What does the Lagrangian multiplier, λ, represent then? Well in the problems above, the Lagrangian multiplier represents a scalar value that allows us to change the size of the values used to scale the shape (circle in the contour map, and cube in the Volume problem). However, the Lagrangian multiplier can be used to represent actual values as well. [3] shares some examples of what the λ functions can represent in both physics and economics.

In the case of the physics of forces and potential energy, we might think of the constraint functions as representing forces that are helping to bring a point to it minimum or maximum. The Multiplier can then be thought of as a measure of how hard the constraint has to pull in order to balance our the forces on the constraint surface.
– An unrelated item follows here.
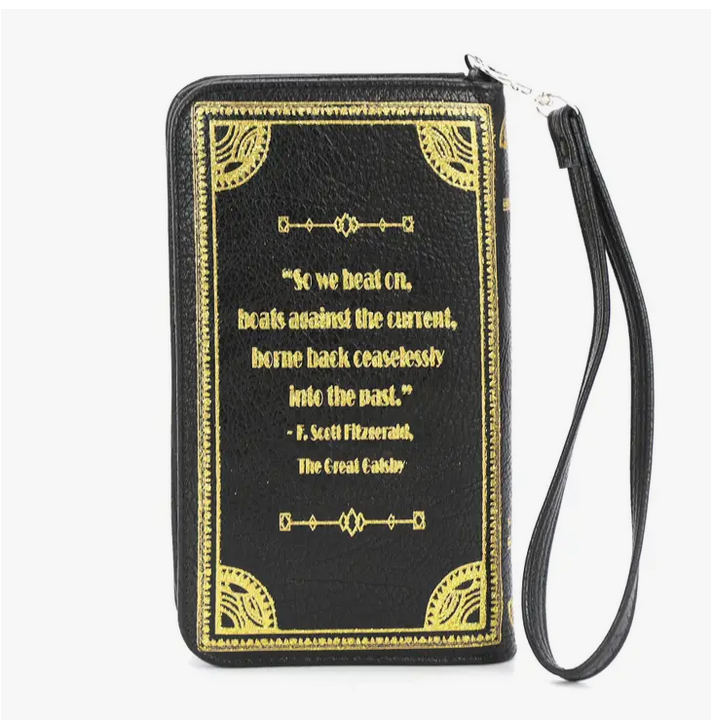 Novelty Great Gatsby Wallet Clutch - HalfMoonMusic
In economics, we might think of maximizing profits based on some limited number of resources. The multiplier then represents the marginal value of the resource, or the rate at which the function changes if we change the constraints.
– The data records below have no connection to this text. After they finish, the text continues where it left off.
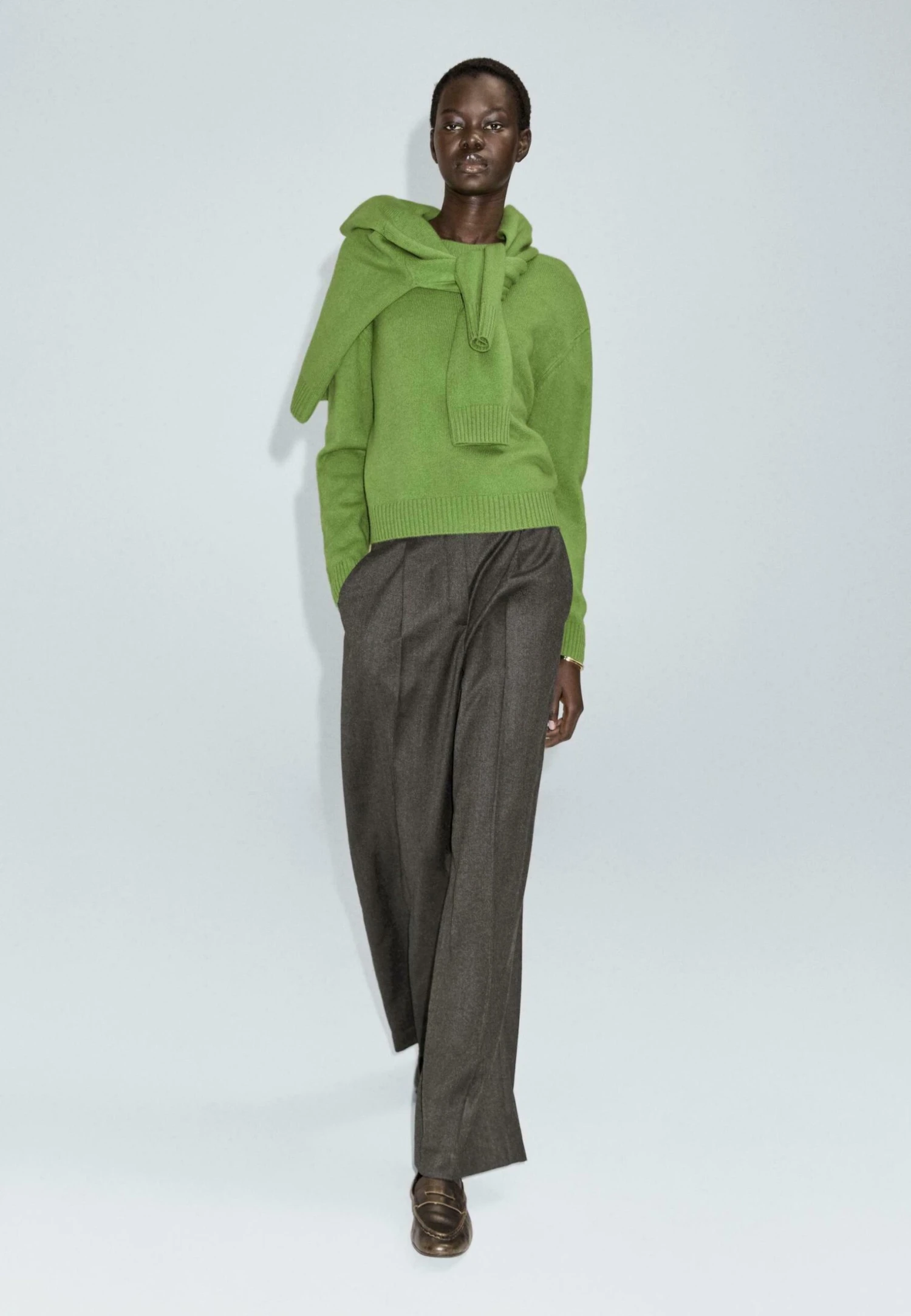 Massimo Dutti RIBBED CREW NECK - Jumper - Neon Green 4 Massimo Dutti RIBBED CREW NECK - Jumper - Neon Green - Image 2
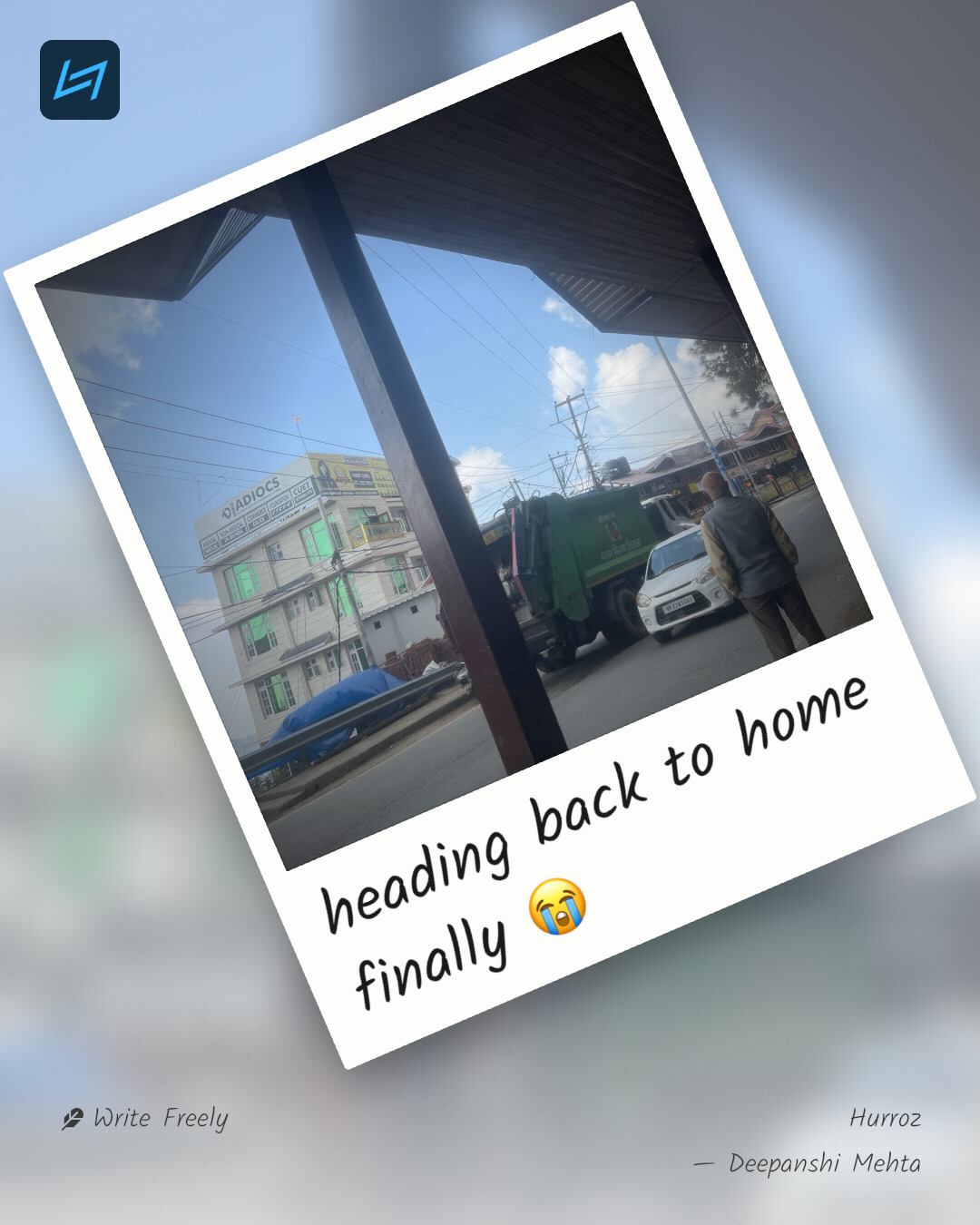 heading back to home finally 😭
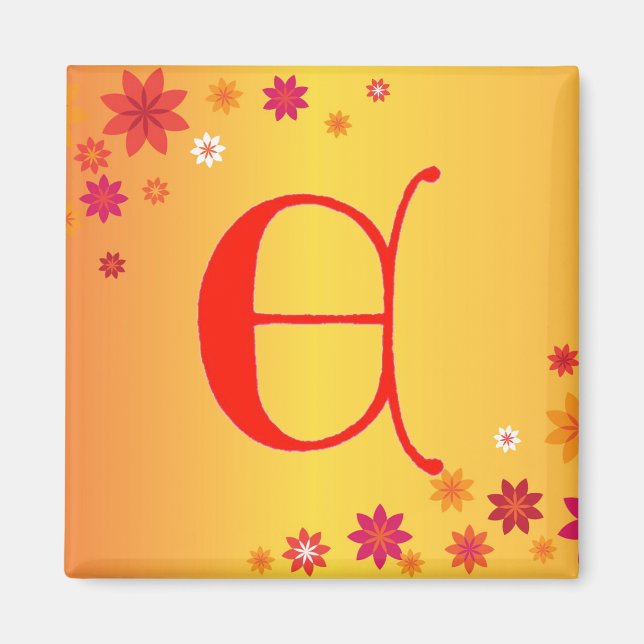 Aimant Lettre E (Devant)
Therefore, understanding what the multiplier means takes an understanding of the problem that it is being applied. In some cases, it may only be a scaling value; in others, it may have a more significant meaning.

Impact on Computers

The Lagrangian Multiplier is useful in the field of optimal control theory. The multipliers can be interpreted as a cost ate variables. In Pontryagin’s maximum principle (or minimum principle), applied to deterministic problems, yields the same solution as many of the Bellman principles of Dynamic Programming, without the curse of dimensionality. The multiplier then works as a means of deriving the optimal minimum or maximum in control theory in a quicker means than Bellman’s equations for dynamic programming in higher dimensional spaces. [4]

Works Cited:

[1] Vapnyarkii, I.B., “Lagrange multipliers” in Encyclopaedia of Mathematics, New York: Springer, 2001.
[2] Hahn, K. Lagrange Multiplier Method for finding Optimums Internet: http://www.karlscalculus.org/pdf/lagrange.pdf [September 5, 2011]
[3] Jensen, S. An Introduction to Lagrange Multipliers Internet: http://www.slimy.com/~steuard/teaching/tutorials/Lagrange.html [September 5, 2011]
[4] Todorov, E. “Optimal Control Theory” in Bayesian Brain, Boston: MIT Press, 2006.